TEXTSTRING1-001.EXTENSION
TEXTSTRING2-001.EXTENSION
TEXTSTRING3-001.EXTENSION
...
TEXTSTRINGn-001.EXTENSION

If a file is versioned, a file called

TEXTSTRINGn-002.EXTENSION

would be created, then a 003, etc...

What I want is, working with an ordered list of the files on a txt file, to extract the names of the files who have been versioned so I can move the older ones to another dir. That is, for a given line:

TEXTSTRINGn-j.EXTENSION

if the next line is
TEXTSTRINGn-(j+1).EXTENSION

then return the first of the two lines.

Could you help me with it? I'm not all that knowledgeable of perl to get it right, but I really guess it's just a simple script.

Regards.

panyam · March 11, 2011, 10:10am

Please post a sample input and expected output.
It will help to understand the needs in a better way.

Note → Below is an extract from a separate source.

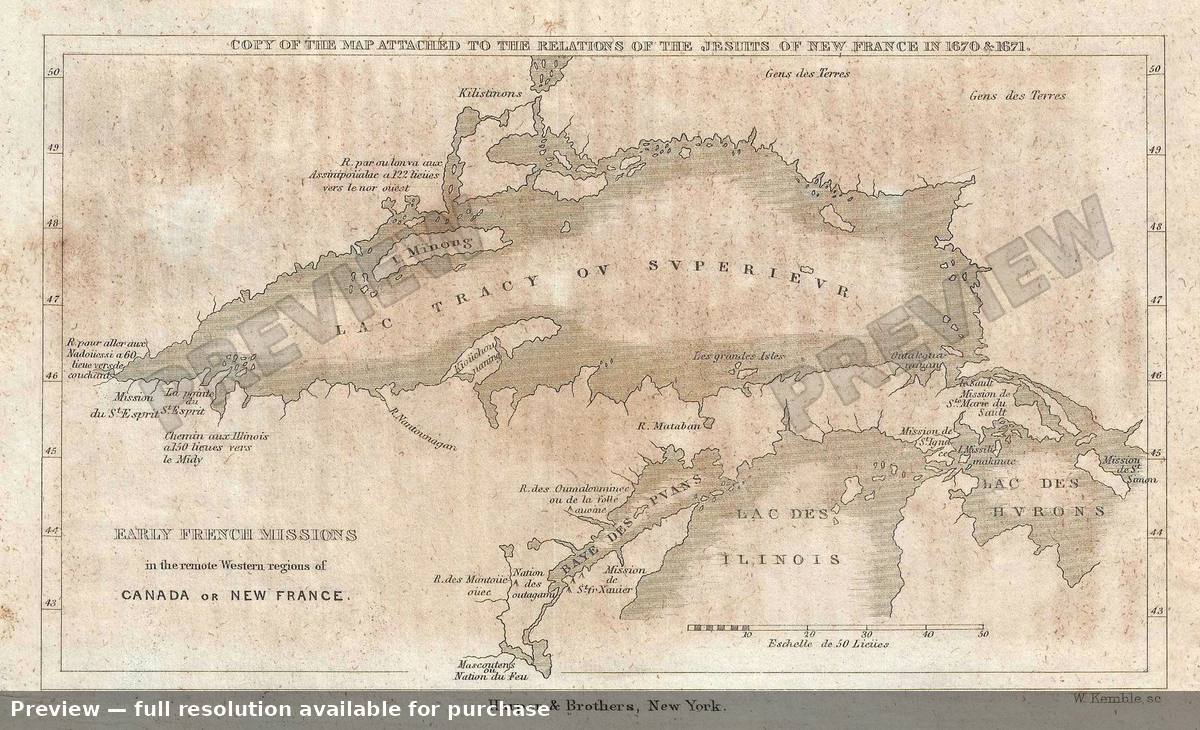 Antique map: French Missions, 1846, 1846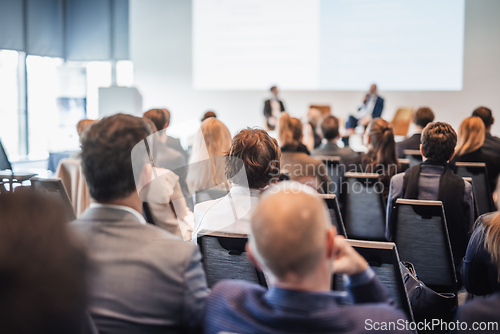 Image of Interview and round table discussion at business convention and presentation. Audience at the conference hall. Business and entrepreneurship symposium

fox1212 · March 12, 2011, 6:44am

Ok, a sample. Say this is the text file resulting from the sorted list of the directory:

abcd-001.pdf
dfcd-003.pdf
grdr-001.pdf
grdr-002.pdf
hhgt-001.pdf
htfr-001.pdf
htfr-002.pdf
htfr-003.pdf
htfr-004.pdf
jkdyr-001.pdf
tasd-018.pdf
tasd-019.pdf
yrdf-003.pdf
zgdr-001.pdf

As you see, the file grdr-xxx has been versioned once, and so there's the 001 and 002 versions, and the htfr-xxx three times, so we have from 001 to 004.
The file tasd has also been versioned and we have the 018 and 019 version because in previous executions the 001 to 017 have already been deleted.

What I want is to extract from a file like this the old versions. That is, from the sample above, I want to return the following entries:

grdr-001.pdf
htfr-001.pdf
htfr-002.pdf
htfr-003.pdf
tasd-018.pdf

so I can move or delete them and keep only the last version.

binlib · March 12, 2011, 6:54pm

Assuming there is only one dash and one dot in the file name, then

awk '$1==p{print f}{f=$0;p=$1}' FS='[-.]'

fox1212 · March 13, 2011, 2:41pm

Let's see if I read this right, as it's a bit obscure code to me:

$1==p{print f}  # Print f if $1 is equal to p
{f=$0;p=$1}  # Then store the entire line in f and up to the first dash in p
FS='[-.]'  # Last, select dash and dot as character separators.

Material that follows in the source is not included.